HAÏR LA HAINE DE L'ANGLAIS


Picasso. La femme qui pleure. 



« De la même façon que les Québécois ne se définissent plus aujourd’hui selon leur pratique religieuse, les livres d’histoire écriront-ils dans quelques décennies qu’ils ont donné leur 4% à tous ces porte-voix (hargneux et souffrant d’une profonde détestation de l’anglais avec une lettre minuscule et avec une lettre majuscule) qui défendent mal le fait français en Amérique et qui font honte? Je me le demande. Je me le demande sérieusement. » - Joanne Marcotte, Journal de Montréal, 23 juillet 2013

J’ai eu envie, d’abord, lisant cela, de proférer quelques jurons. Et puis, de la retenue (que je me suis dit), un peu quand même, parce que quand la dame évoque cette détestation de l’anglais et des Anglais, je ne peux que me rappeler que plusieurs de mes compatriotes, prétendument moins à droite que Joanne Marcotte, et de beaucoup, pensent, sur cette question, strictement la même chose qu'elle. Combien de fois ai-je pu lire, sur Facebook, dans Voir, dans La Presse, dans d’autres journaux, ou sur des blogues, que la Charte de la langue française était le fruit d’un nationalisme anti-Anglais dépassé, et que l’affirmation de l’identité française du Québec procédait d’une haine viscérale, arriérée, de la communauté anglo-québécoise ? Combien de fois ai-je lu, des bien-pensants d'une certaine gauche, qu'il fallait être moderne, et progressiste, et qu'en conséquence il fallait redouter, en vrac, comme du vieux stock puant, l'identitaire, le drapeau, le racisme, l'ignorance de l'autre dont les subtilités de la pensée sont si souvent dites en anglais ?...
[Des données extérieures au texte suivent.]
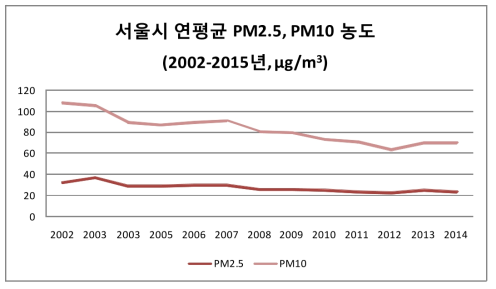 서울시 연평균 미세먼지 농도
Personnellement, je crois encore, comme le Dr Laurin, que le Québec doit être aussi massivement français que l’Ontario est massivement anglaise. Je crois encore que c’est une question de libération, et de réussite, bien davantage qu’une question de dignité, encore que la dignité soit indispensable pour réussir sa vie (et ne pas courber le dos), de l’école au travail, du travail à la politique, du courage politique à l’assurance culturelle qui favorise, au moins un peu, l’expression d’une pensée complexe et de formes artistiques novatrices. C’était déjà ce qui se trouvait dans le Refus global, un texte fossile (comme de juste) remontant à 1949, un temps archi-lointain. Refuser ? Refuser globalement ? On parle bien de ça, oui, alors qu'il s'agit d'accepter l'autre, et de dénoncer «notre engeance nationaliste» qui se donne pour révolutionnaire alors qu'elle se «caractérise», en fait, et à voir les choses comme elles sont, comme typique de la «contre-révolution» souhaitée au nom de la «tribu». Passer «du confessionnalisme religieux au confessionnalisme linguistique obligatoire» ? Jamais ! (Pierre-Elliot Trudeau, Cité libre, 1964).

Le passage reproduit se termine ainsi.